As Dante would have it (and I believe he's quite right) all that coarse material is moved by love as well, only it's love turned in the wrong direction. It has (as both Virgil and Beatrice explain it) cast its eyes downwards towards earth, instead of upwards towards that glorious heaven of which I have been given sufficient evidence.
Invested as I am, for the most part, in this coarse matrix, it's difficult to believe in the gem. There is a general forgetting that gems occur, for the most part, in crude and unforgiving ores, or that both the gem and the ore spring from the same source.
The idea that everything has love as its motive force (an idea I explored in my essay on chakras and the enneagram) is a powerful one if I can remember it. It suggests that in every ordinary, coarse life situation I encounter, if things are going wrong -- inside me, or outside of me -- the current that flows through them is the same. It is the relationship that is failing, not the power behind it. There is always the chance to make a choice from the heart that can turn things around.
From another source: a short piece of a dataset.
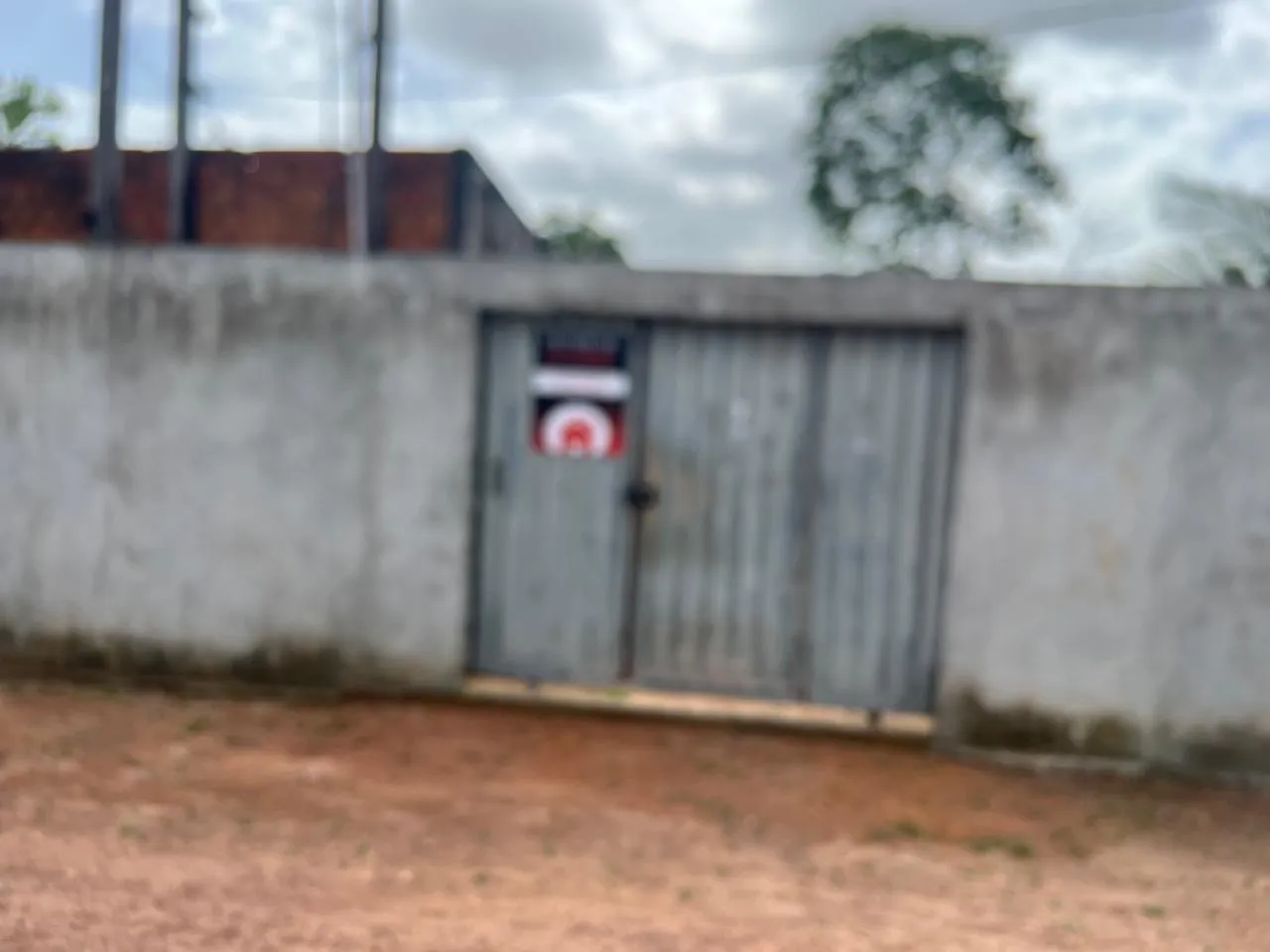 VENDE UMA CASA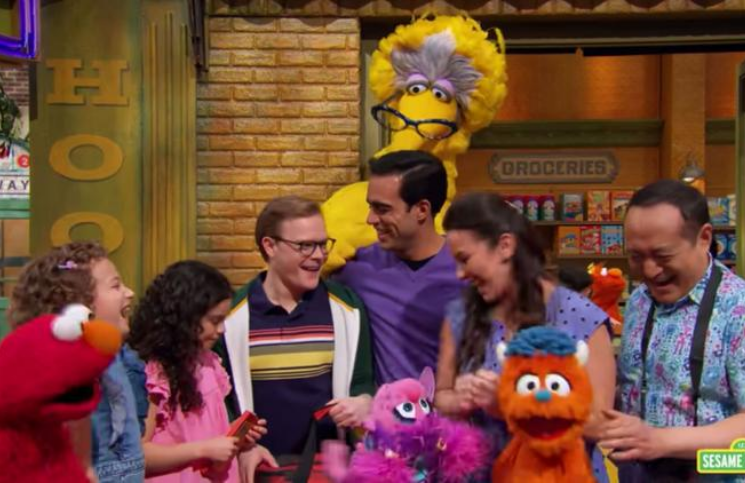 "Plaza Sésamo" introduce pareja del mismo sexo en episodio especial sobre la familia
I don't trust my heart a lot of the time. Maybe I shouldn't. The monkey is notoriously unreliable. But that doesn't mean that the monkey doesn't have potential. The monkey can sometimes be brought into relationship with a terrifically powerful resource that is much wiser. If he just gets a little closer to that, all kinds of remarkable things might happen. Compassion and humility might arise. Admittedly, it's a long shot, but it could happen. It could happen any time. All of the elements that can produce that in me are right next door. They are right next door all the time.
I just don't go visiting the neighbors that often. I like it more where I am.
This question of forming a better relationship -- a friendlier, more accepting relationship -- between the monkey and my inner resource is an important one.
It represents hope.
Sometimes people ask me why I bother with this obscure practice called the Gurdjieff work. Admittedly, most of the time I'm at a loss. What am I going to tell people? That everything inside you can change until you are no longer the same person, and that miracles become possible?
I could say that. It would sound like baloney, right?
There are, however, aims and values that might be easier to put in front of another person. And if there were, they would speak about a wish for understanding compassion, understanding humility.
These two qualities are the greatest qualities a man can acquire in life. (Call that an opinion if you need to... it's okay.) If he really, actually acquires these as organic qualities, he has achieved almost everything that the Lord wishes for us. All of what is truly necessary in the life of the soul proceeds from the understandings that these qualities bring.
They are, of course, the outward and inward manifestations of real Being, which is made of nothing more or less than pure love, breathed forth-- as Dante so eloquently says--from the breath of God Himself.
And-- borrowing another idea from the Divine Comedy--
If my aim does not always have its head raised high and its sight set on this goal, why should I even bother living?
May the living Light of Christ discover us.